Сквозь толщу веков - страница 8





Хитры и жестоки подлые татары. Скрытно пробираются к пашням и поселениям русичей. Убивают, насилуют женщин, разоряют и грабят жилища, скот и людей угоняют, а чаще вырезают всех до единого. Никого не щадят: ни женщин, ни детей. А после сжигают всё: и посевы, и избы.

В трудах ежедневных и заботах пролетело жаркое лето. Стоят хлеба, на ветру золотой волной перекатываются. Колосом тяжёлым к земле клонятся. Густы, колос к колосу – косой не взять, а убирать уже пора.

– Ты, душенька, поутру не спеши. Обед сготовь. Бажену накорми, а тогда и приходите в поле. А пока я сам буду жать и вас, любушек моих поджидать, – говорит Ратибор жене.

– Как прикажешь, Ратиборушка, свет очей моих, – отвечает Велиока, – мы скоренько.

Легко на сердце, песни поёт Велиока, с делами управляючись. Печь затопила, кашу варить поставила. Собирает обед мужу любимому: тут и мясо вяленое, и репа пареная, и простокваша густая. Скоро и каша поспеет. Велиока уж и дочь покормила. Мала ещё Бажена. Только сидеть научилась. Сидит на полу щепочками играет.

Вдруг топот коней раздался, дверь растворилась настежь.

– Аль забыл чаво, Ратиборушка? – повернулась Велиока от печи.

Глядь, а в избу ордынец ворвался. В шлеме остроконечном кожаном, в длинном пёстром халате с металлическими пластинами. За спиной его лук и колчан со стрелами, на поясе палаш – сабля прямая. Чёрный, как головёшка и глазами быстрыми, чёрными по сторонам рыщет. Подбежал к Велиоке, схватил её за шёлкову косу, лопочет что-то по-своему, в Бажену перстом тычет. Догадалась Велиока дочку взять на руки. Прижала её к своей груди крепко. А татарин из избы её тянет за косу. Выволок ордынец Велиоку из избы. Глядит она по сторонам и видит: татары, как тараканы, по деревне носятся, кто конный, кто пеший. Крики, плачь, разорение. Люди от страха в разные стороны бегут, но их стрелы татарские нагоняют. Арканы над головами кружат, петлёй горло давят, не убежать. Старики все побиты, мёртвые на земле лежат. Избы горят кругом. И на её жилище, на крышу соломенную факел смоляной полетел. Занялся огонь, всё в один момент охватил объятиями своими жаркими. Дым и смрад по деревне. Заледенела душа от страха. Что ждёт её? Смерть или полон?

Татары кнутами щёлкают, пленников сгоняют вместе. Жнецов с поля пригнали, кто жив остался. Только Пересвета и Ратибора среди них нет. Заплакала Велиока, знать погиб Ратибор в неравной схватке с ордынцами. Не придёт на помощь, из беды не вызволит. Дрожит Велиока, сознание мутится. Бажена плачет, а мать ей рот зажимает, чтобы татарин не зарубил.

Ордынцы кричат на языке своём непонятном, гортанные крики их как ножом воздух рубят. Женщин верёвками друг с другом связали. Верёвки грубые, больно шею трут.

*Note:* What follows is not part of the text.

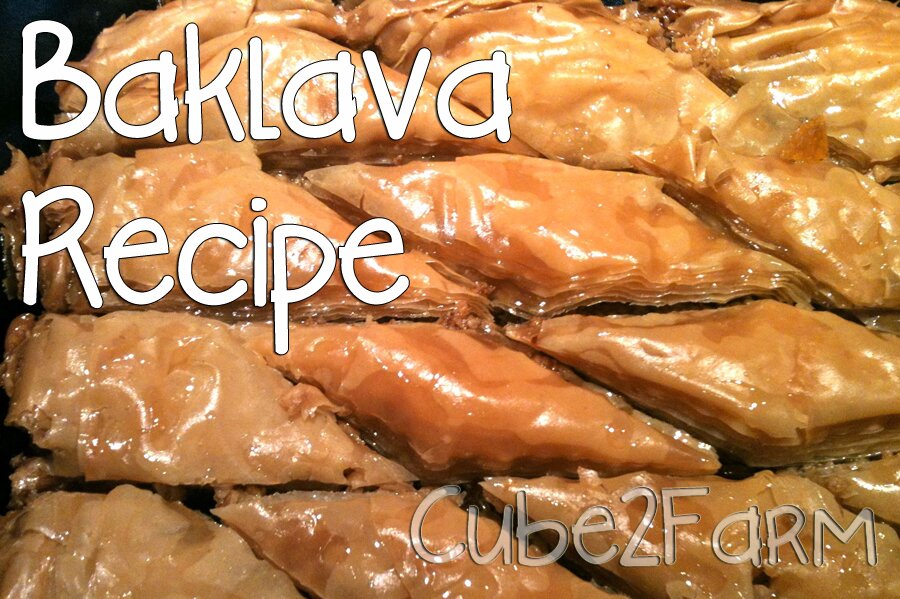 Baklava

– Боже! Божечки! Куда ж нас? Куда? – плачет Велиока, – Никто нам не поможет, – горестно через слёзы шепчет она, крепче прижимая к себе дочку.

– Бога моли, что в полон, – шепчет подруга её Млава, – хоть живы…

Мужчин связали отдельно. Крепко вязали и руки и ноги, так, чтобы только передвигаться могли. Глазами яростно сверкают ордынцы. Только молодых мужчин и мальчиков в пленники отобрали. Жестоки, бьют пленников в кровь, чтобы послушнее были. А тех, что постарше, побили палашами насмерть, кровью залив землю у горящих изб деревни вольных хлебопашцев. Убили и родителей Велиоки, а брата её меньшого Мстислава с другими вместе связали.

Засвистели над головами пленённых кнуты татарские, двинулась процессия горестная в даль неведомую, на чужбину далёкую, в неволю. Стоны и плачь над ней. А татары ни говорить, ни оплакивать свою судьбу не дают, так и ходит плеть по спинам пленников.